In terms of time the first program took me no longer than writing it in C, but the second program took much longer than writing in C.

prof_braino · 2013-06-26 10:03

Martin_H wrote: »

the way to learn an instrument is to learn 100 songs.

I've heard this. How many is this so far? I'd be interested in how many you write before you feel you learned forth.

In terms of time the first program took me no longer than writing it in C, but the second program took much longer than writing in C.

: n>=r+b? ( n r b - n r b f )

I would suggest your problem is that you made a word too complicated.

If a word takes more than two or three item off the stack, and leave more than one or two, it might be better to break it down further. Of course you can have more or less, this is just the rule of thumb. But its much easier to debug and test a simple word that does just one thing. You can always reduce a serial of called words to a single word after it works.

Also, if the stack manipulations are getting out of hand, just store some values in memory as variables. The rule of thumb here is if its too hard, do it easier. Using variable is much slower, but easier to keep track. Again, you can always factor out the variable after you get it working.

Really cool work!

Dave Hein · 2013-06-26 10:21

Or you could use pick and roll to access deeper items on the stack. This would reduce n>=r+b? to ": n>=r+b? ( n r b - n r b f ) 2dup + 3 pick < ;". I know that Sal and prof_braino hate pick and roll, but that doesn't mean the rest of us aren't allowed to use it.

prof_braino · 2013-06-26 11:04

Dave Hein wrote: »

I know that Sal and prof_braino hate pick and roll, but that doesn't mean the rest of us aren't allowed to use it.

There are many case where pick and roll are well suited. If I need pick and roll, I'm usually just being sloppy, so I just avoid them.

In this particular case, it looks really nice.

Martin_H · 2013-06-26 12:24

prof_braino wrote: »

How many is this so far? I'd be interested in how many you write before you feel you learned forth.

Also, if the stack manipulations are getting out of hand, just store some values in memory as variables.
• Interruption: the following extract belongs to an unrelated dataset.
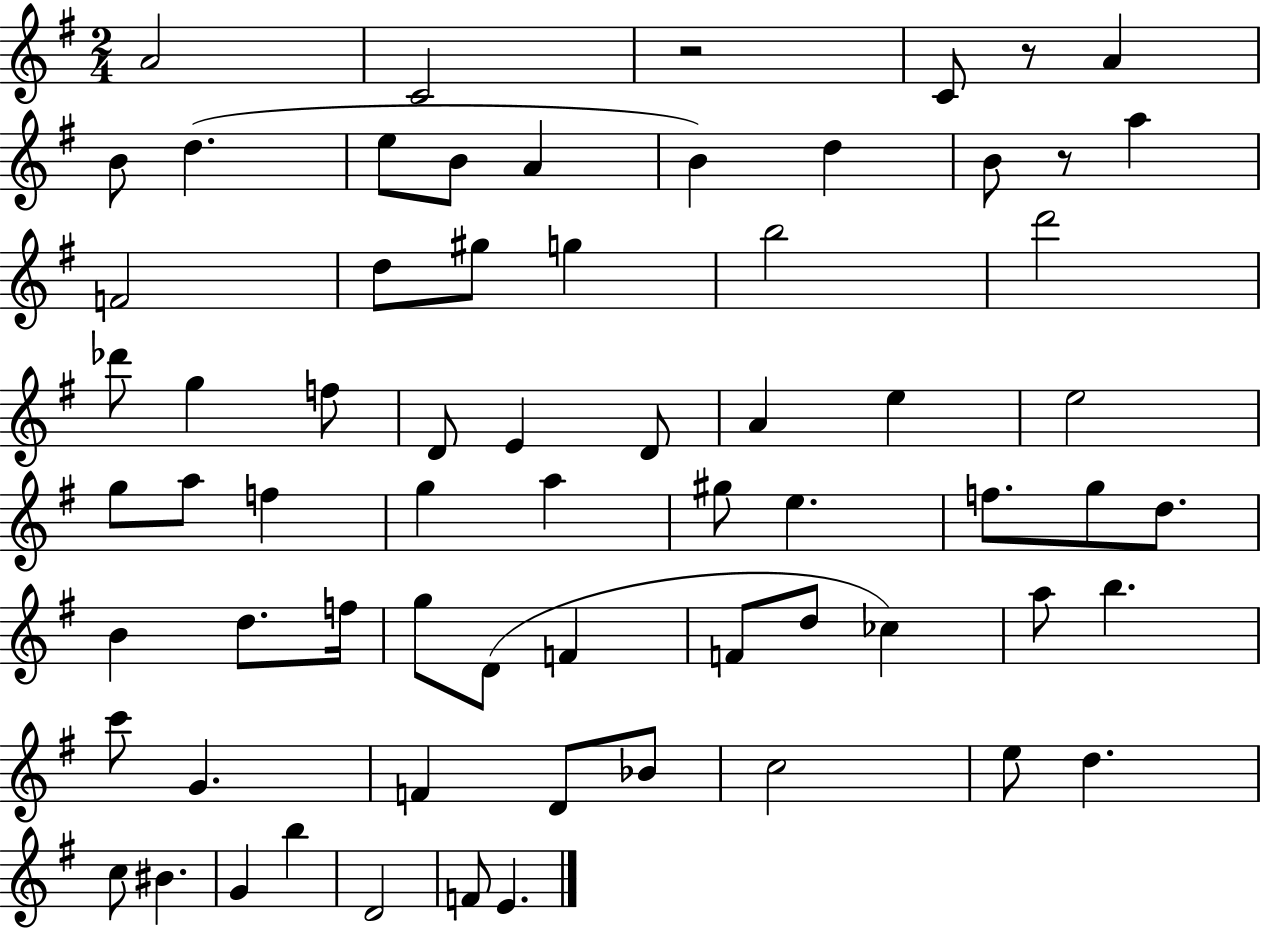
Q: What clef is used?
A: treble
The rule of thumb here is if its too hard, do it easier. Using variable is much slower, but easier to keep track. Again, you can always factor out the variable after you get it working.

Really cool work!

Thanks for the feedback. I've written eight programs so far. In general I know a programming language when I can write code without looking at a reference, and I've developed a sense of the languages aesthetics. At that point I can review my own code and be able to recognize good code versus bad code. I know about variables because I used one for max_bit, but that was essentially a precomputed constant. I've had reentrancy drummed into my head so much by multi-threaded programming that I'm allergic to global variables. I only use them as the jumping off point to other context, not for state within a function.

Dave Hein wrote: »

Or you could use pick and roll to access deeper items on the stack. This would reduce n>=r+b? to ": n>=r+b? ( n r b - n r b f ) 2dup + 3 pick < ;". I know that Sal and prof_braino hate pick and roll, but that doesn't mean the rest of us aren't allowed to use it.
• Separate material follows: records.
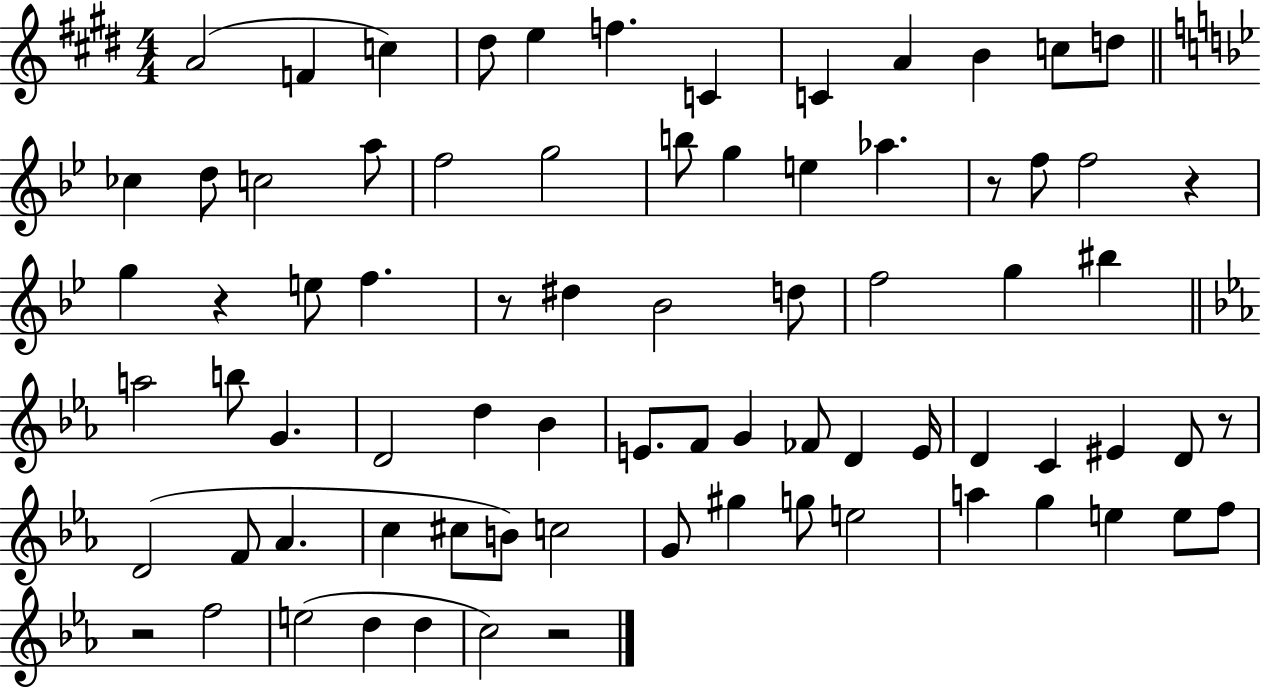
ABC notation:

X:1
T:Untitled
M:4/4
L:1/4
K:E
A2 F c ^d/2 e f C C A B c/2 d/2 _c d/2 c2 a/2 f2 g2 b/2 g e _a z/2 f/2 f2 z g z e/2 f z/2 ^d _B2 d/2 f2 g ^b a2 b/2 G D2 d _B E/2 F/2 G _F/2 D E/4 D C ^E D/2 z/2 D2 F/2 _A c ^c/2 B/2 c2 G/2 ^g g/2 e2 a g e e/2 f/2 z2 f2 e2 d d c2 z2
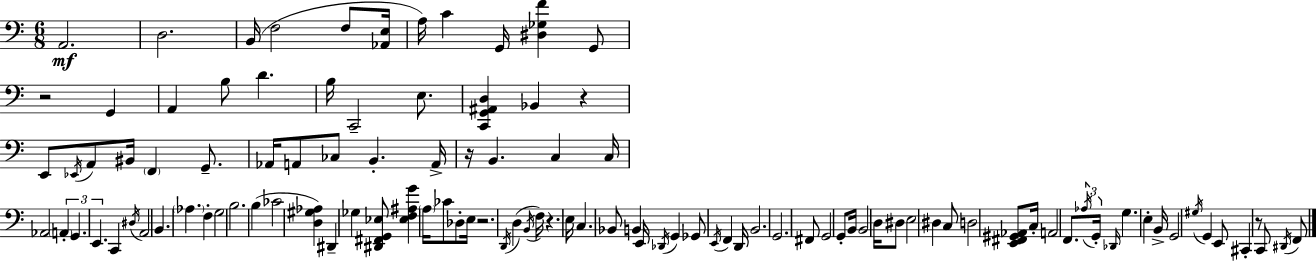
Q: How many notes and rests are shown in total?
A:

Thanks for the tweak to the function. Swaping the sense of the comparison operator eliminated the swap, so I'll have to remember that. The words pick and roll are a bit out of my league at the moment, but I'll keep them in mind for the future. I'm just glad I was finally able to find a use for tuck!
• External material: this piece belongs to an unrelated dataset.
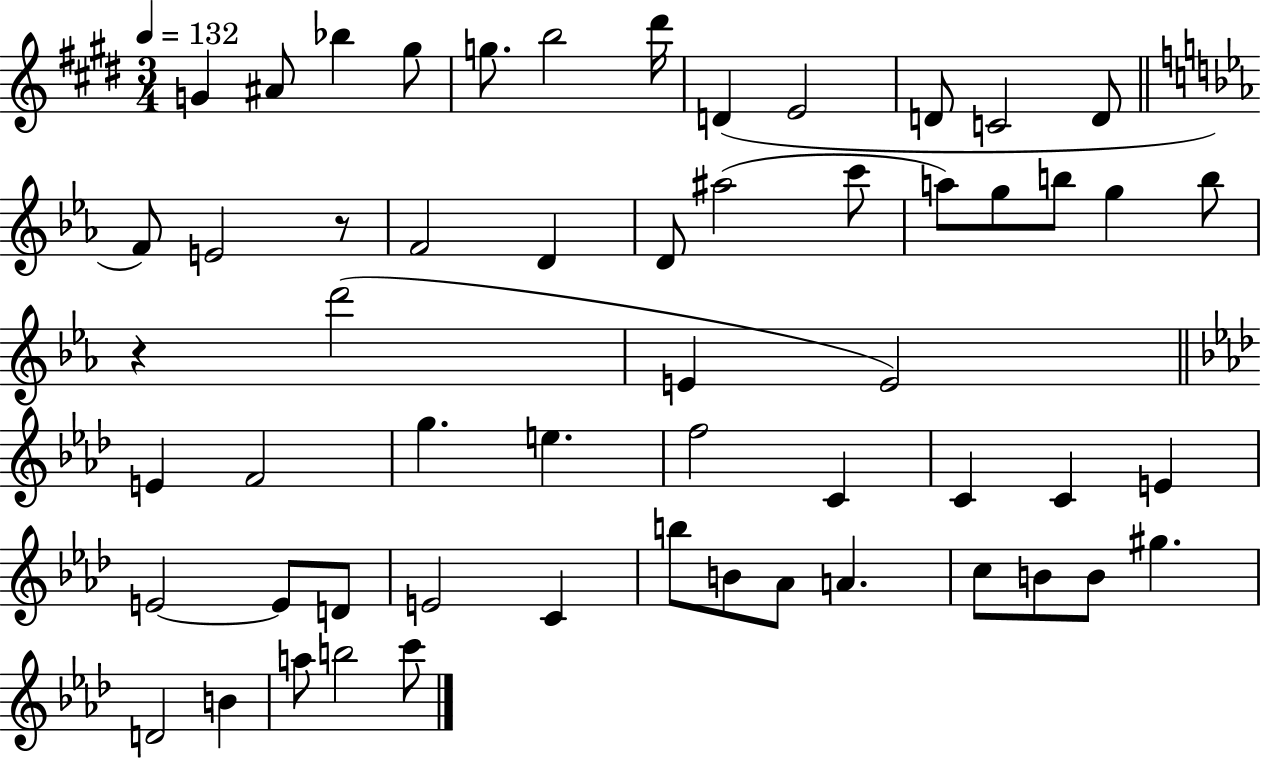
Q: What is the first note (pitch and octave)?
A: G4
Dave Hein · 2013-06-26 12:43

The parameter for PICK is used to select the stack element that is duplicated. "0 PICK" does the same thing as DUP, and "1 PICK" is the same as OVER.

ROLL uses the parameter to select the element it will move to the top of the stack. "1 ROLL" is the same as SWAP, and "2 ROLL" is the same as ROT.

PICK and ROLL can be implemented on any Forth system that makes the stack pointer accessible. They could probably be implemented in PropForth. Tachyon implements the stacks in cog registers, which would make it hard to implement PICK and ROLL.

Martin_H · 2013-06-28 10:56

So here's the sieve of Eratosthenes for the first 1024 numbers using a bit vector for efficiency and the bit set and clear operations. One thing I don't like is that when it produces its output there's always a space between the number and the comma (e.g. 2 , 3 , 5 , ...). I would prefer something like 2, 3, 5, 7, ... but I can't figure out how to do that.

\ Begin borrowed code from http://www.forth.org/svfig/Len/bits.htm
\ Note: that code had a bug I fixed as indicated below.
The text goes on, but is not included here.